Furthermore, there has been known a technique for making slitting property and cutting property in the calendering process good in a magnetic recording medium by controlling particles in a film and film production conditions (for example, see Patent Document 3). However, such a conventional technique is an example of poly(ethylene terephthalate) that does not use a polyester resin obtained by recycling PET bottles, and in the case where a film is produced by using a resin same as the recycled resin and having an intrinsic viscosity of 0.62, the composition of the inside of the film is uneven, so that it results in generation of unevenness in a lamination surface or unevenness in thickness. Further, in this technique, a film after biaxial stretching is subjected to a heat treatment at a high temperature in order to obtain high lamination strength. However, since the film is cooled to room temperature abruptly, there occur problems that relaxation of the film is nonuniform in the plane and that the unevenness in thickness is caused.
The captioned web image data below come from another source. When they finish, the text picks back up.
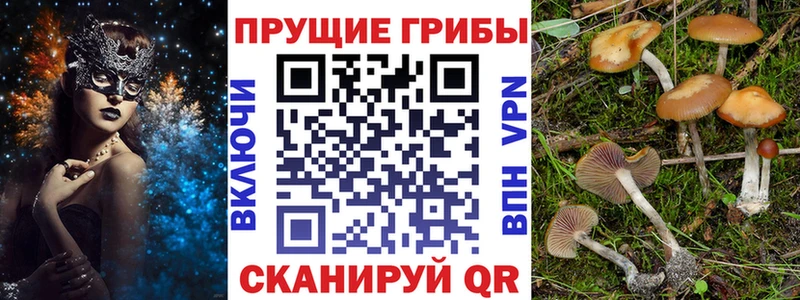 Купить  Звенигово  Псилоцибиновые грибы MAGIC MUSHROOMS 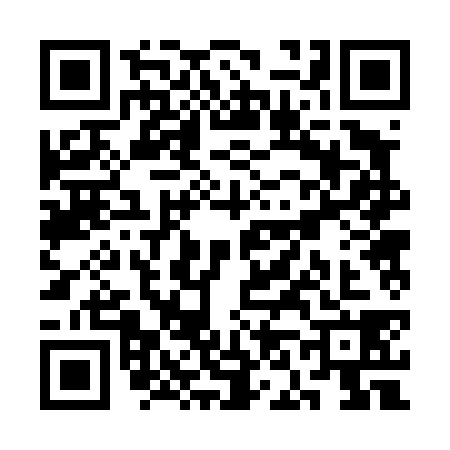 QR code for SN24383
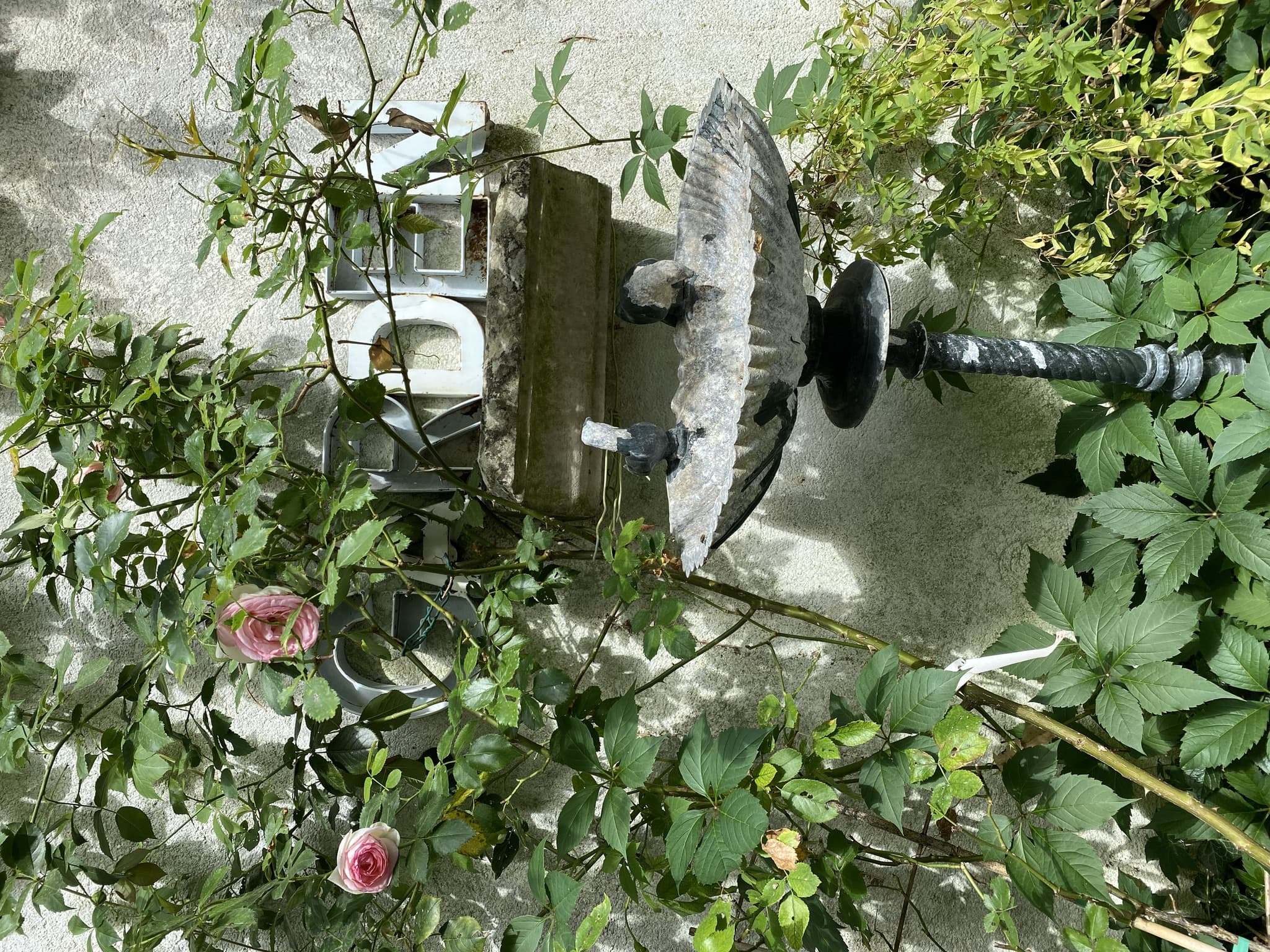 Maison 1601 à Gençay_5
Still further, there has been known a technique for improving the heat dimensional stability at the time of producing a ceramic sheet to be used for a release sheet whose heat shrinkage is optimized by optimizing the lengthwise and transverse stretching condition and the heat treatment condition of the film (for example, see Patent Document 4). However, such a conventional technique is an example of poly(ethylene terephthalate) that does not use a polyester resin obtained by recycling PET bottles, and in the case where a film is produced by using a resin same as the recycled resin and having an intrinsic viscosity of 0.62, the composition of the inside of the film is uneven, so that it results in generation of unevenness in a lamination surface or unevenness in thickness. Moreover, there has been disclosed a technical idea of carrying out a heat treatment at a high temperature for a film after biaxial stretching and optionally carrying out cooling after the heat treatment to obtain high lamination strength. However, in the case of a film containing 0.5 mol % or more and 5 mol % or less of isophthalic acid, if this technique is employed as it is, relaxation of the film is nonuniform in the plane and the unevenness in thickness is caused. It is further disclosed that the refractive index (Nz) in the thickness direction is controlled to keep flatness of a film, but in this document, a case where poly(ethylene terephthalate) accounts for 100% and Nz is 1.493 or less is assumed. A film containing 0.5 mol % or more and 5 mol % or less of isophthalic acid is advantageous in that it easily provides sufficient lamination strength as compared with a poly(ethylene terephthalate) film containing 0 mol % of isophthalic acid, but its Nz is too high to improve lamination strength and reduce unevenness in thickness simultaneously. Accordingly, this technique cannot be employed as it is.